With pictures left out, set down exactly the lines from the line containing "Collage of Workers in Clean Energy" through the last line of the data.

INPUT

——

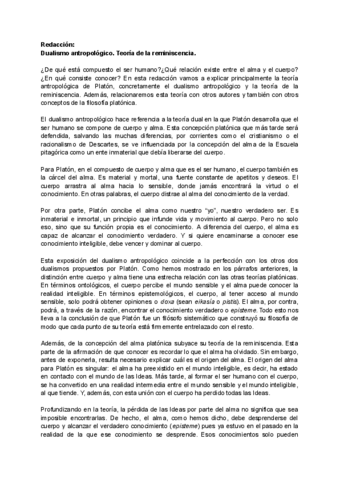PLATÓN RedaccionDualismo-antropologico.-Teoria-de-la-reminiscencia..pdf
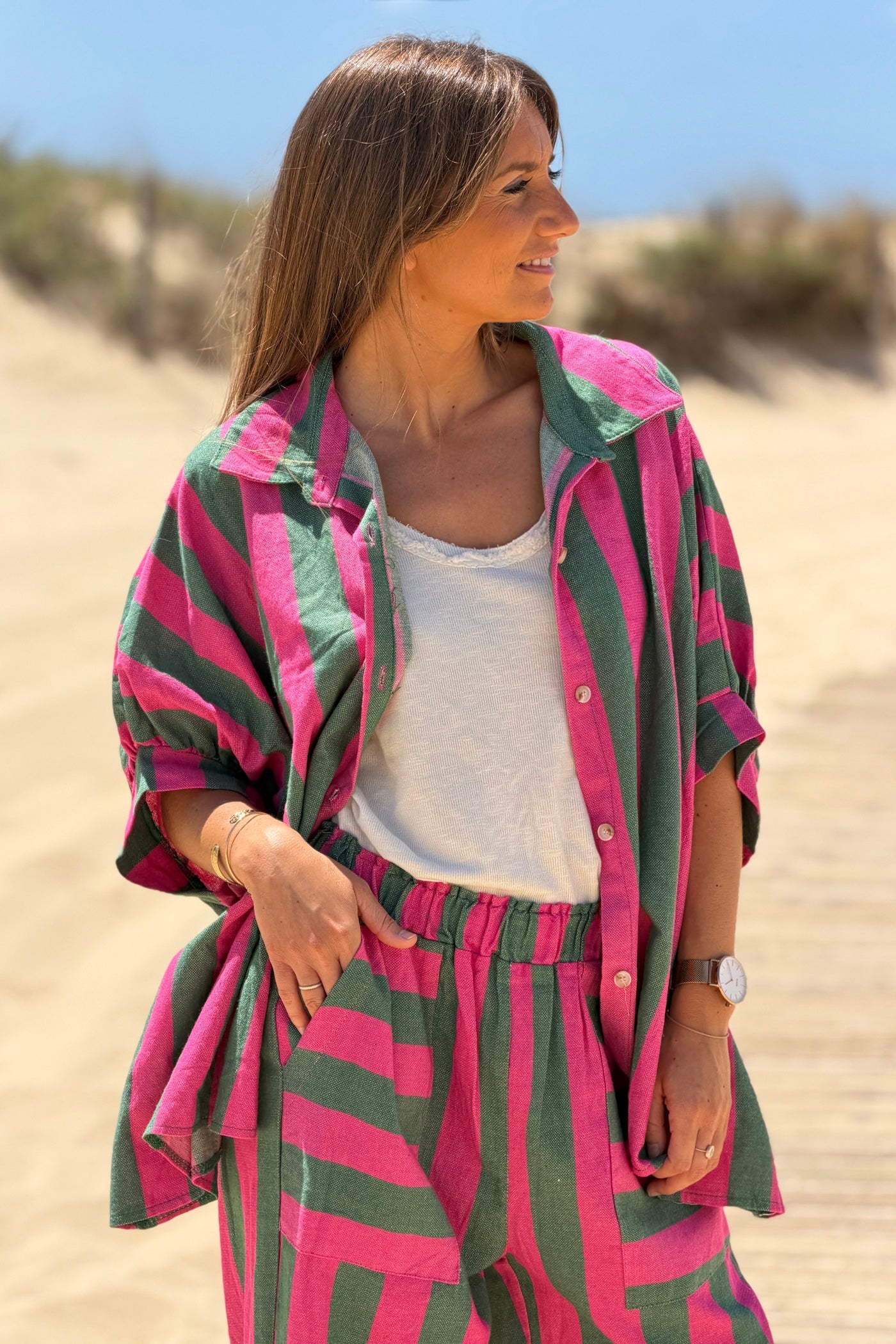 Camisa Muy Amplia Algodón Texturado Rayas Verdes y Fucsia
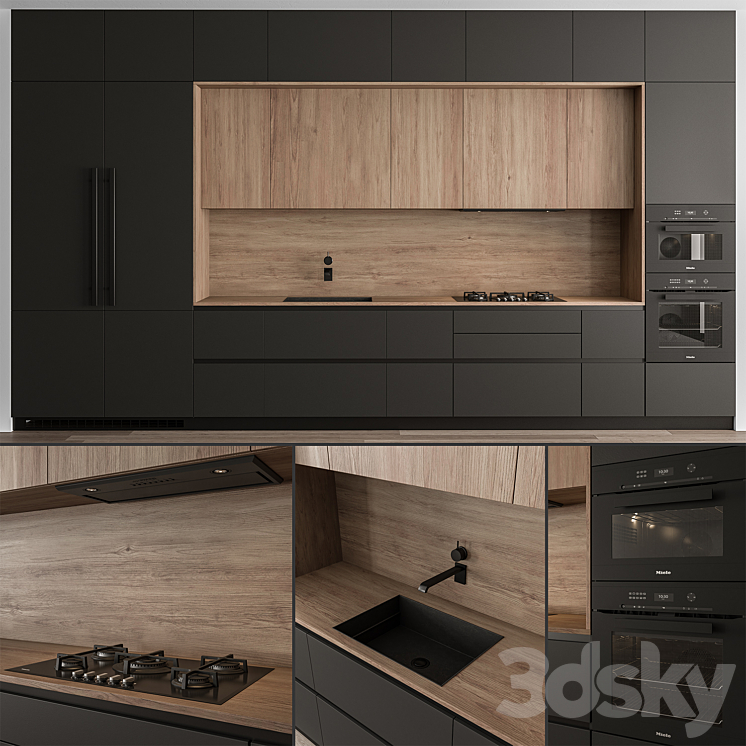 Kitchen Modern – Wood and Black 114 3DS Max Model - thumbnail 2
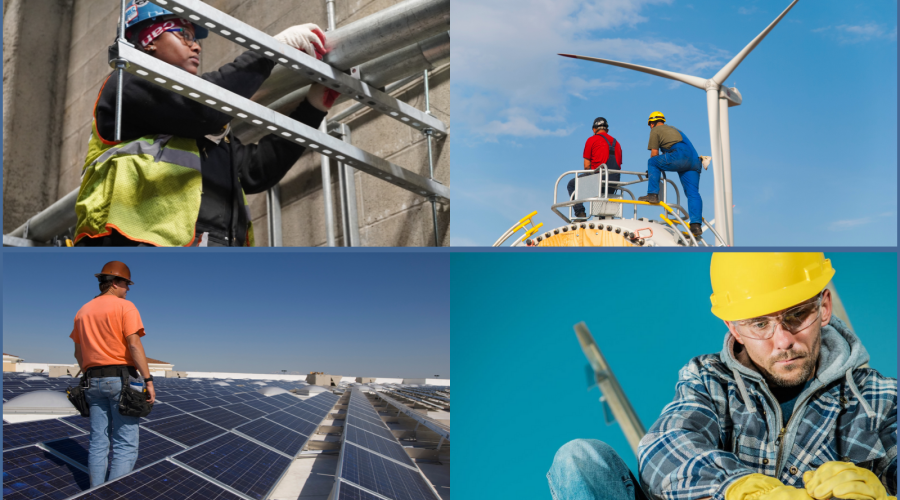 Collage of Workers in Clean Energy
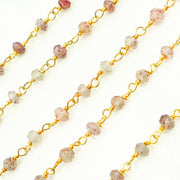 Strawberry Quartz Gold Plated Wire Chain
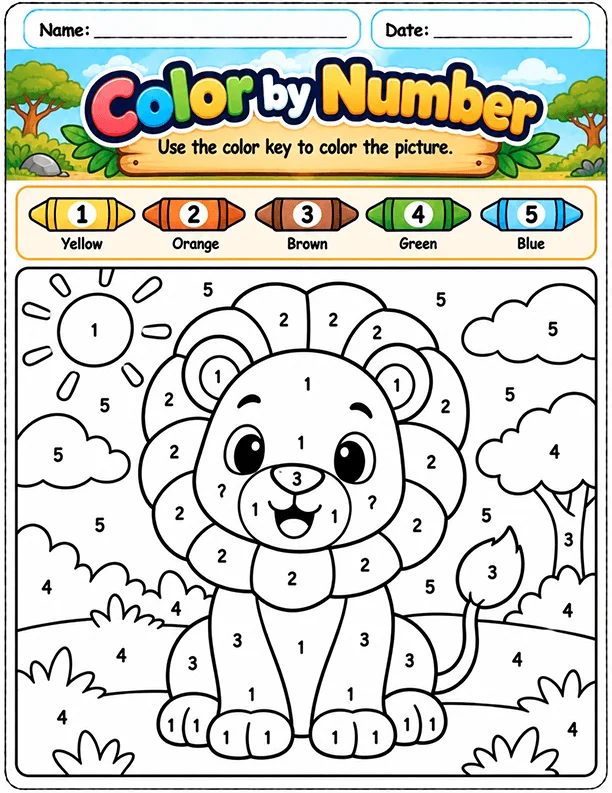 Color-by-Number worksheet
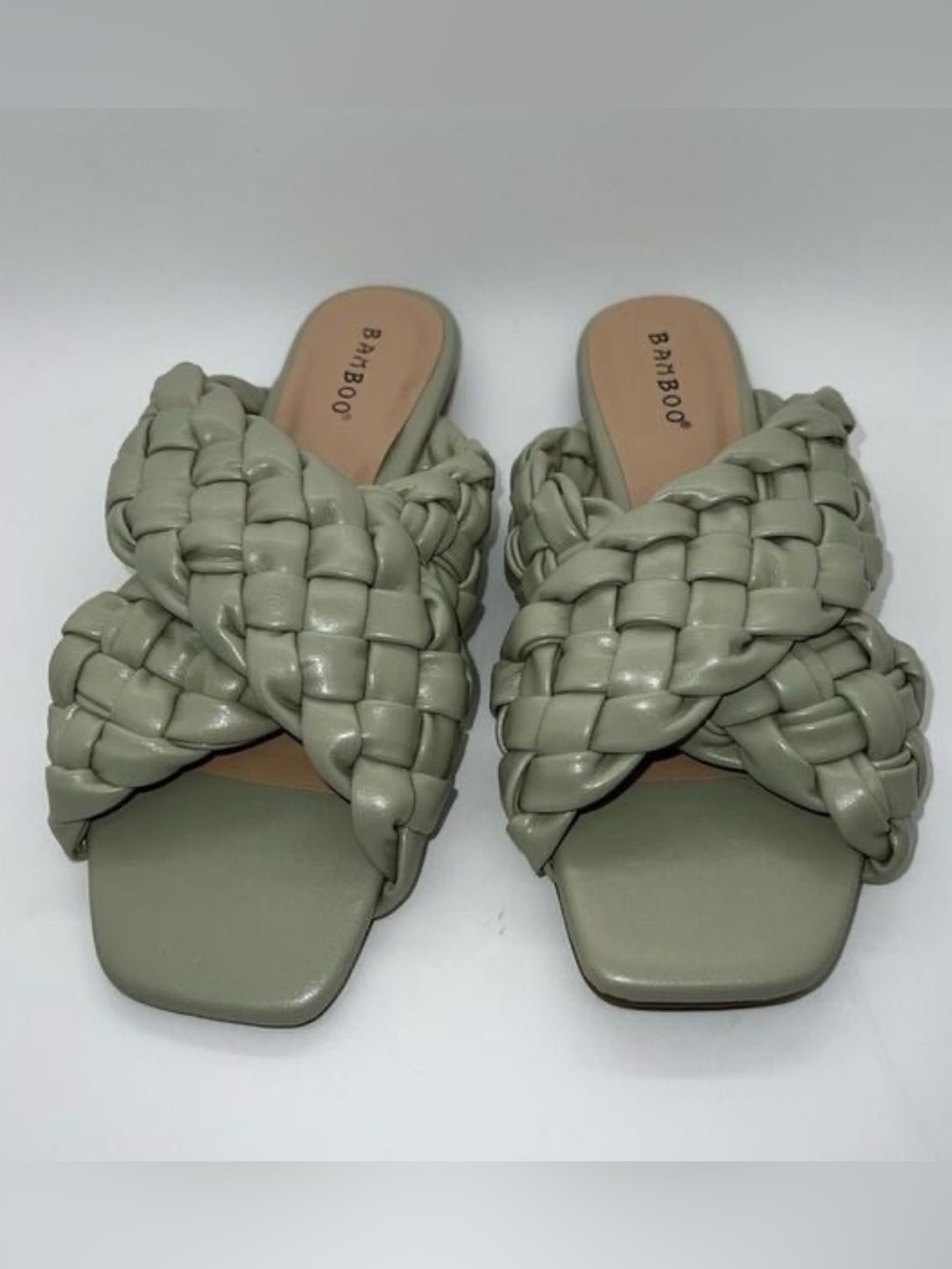 Bamboo Women's Braided Crisscross Strap Sandals Green Size 6.5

——

EXERCISE RESPONSE
 Collage of Workers in Clean Energy
 Strawberry Quartz Gold Plated Wire Chain
 Color-by-Number worksheet
 Bamboo Women's Braided Crisscross Strap Sandals Green Size 6.5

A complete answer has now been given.